- WHAT THE TASK ASKS -
Extract the records below word for word and ignore the images.

╭─ EXCERPTED RECORDS

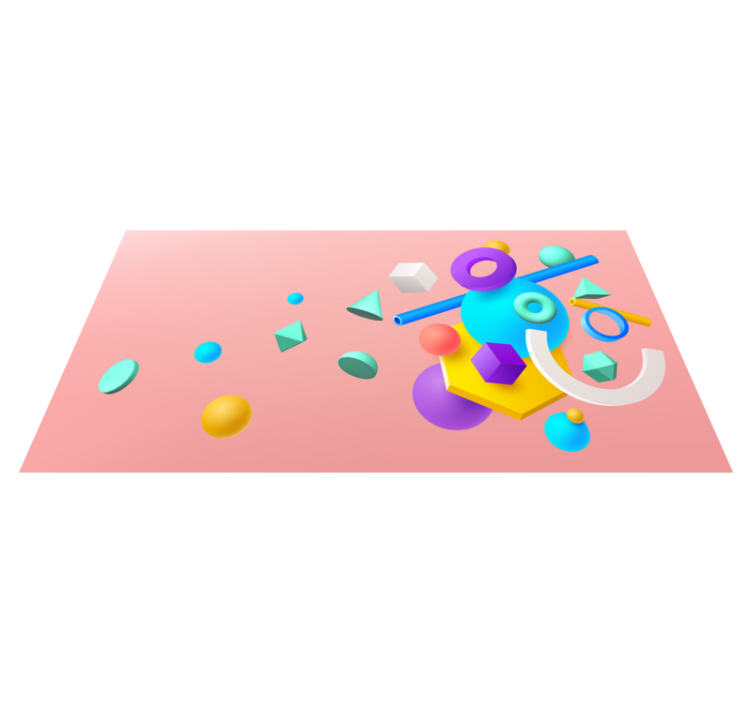 기하학적 효과 비닐 카펫 기하학적 모양 배열 - TenStickers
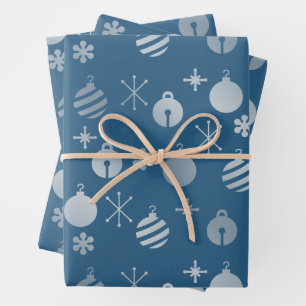 Retro Weihnachtsschmuck Blue Silver Geschenkpapier Set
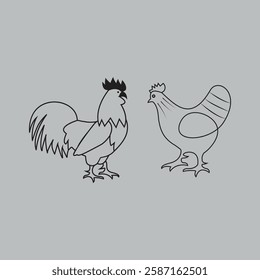 Rooster and Hen Illustration Hand-Drawn
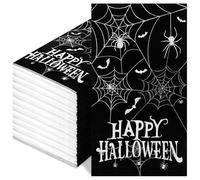 Halloween Napkins, 100 PCS Halloween Napkins Paper Disposable, Spider Web Bat Decorative Dinner Napkin Cobweb Guest Hand Towel for Bathroom for Halloweens Horror Birthday Party Supplies Table Decor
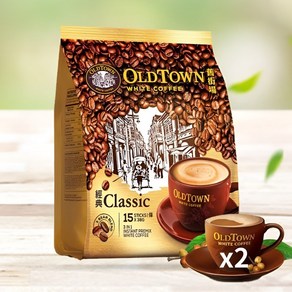 Old Town Instant White Coffee 3 in 1 Vaiety Pack 2 Bags (Classic & Hazelnut 21.2oz/600g Pe Bag), 1개, 60개입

╰─

- ANSWER SPACE -
 기하학적 효과 비닐 카펫 기하학적 모양 배열 - TenStickers
 Retro Weihnachtsschmuck Blue Silver Geschenkpapier Set
 Rooster and Hen Illustration Hand-Drawn
 Halloween Napkins, 100 PCS Halloween Napkins Paper Disposable, Spider Web Bat Decorative Dinner Napkin Cobweb Guest Hand Towel for Bathroom for Halloweens Horror Birthday Party Supplies Table Decor
 Old Town Instant White Coffee 3 in 1 Vaiety Pack 2 Bags (Classic & Hazelnut 21.2oz/600g Pe Bag), 1개, 60개입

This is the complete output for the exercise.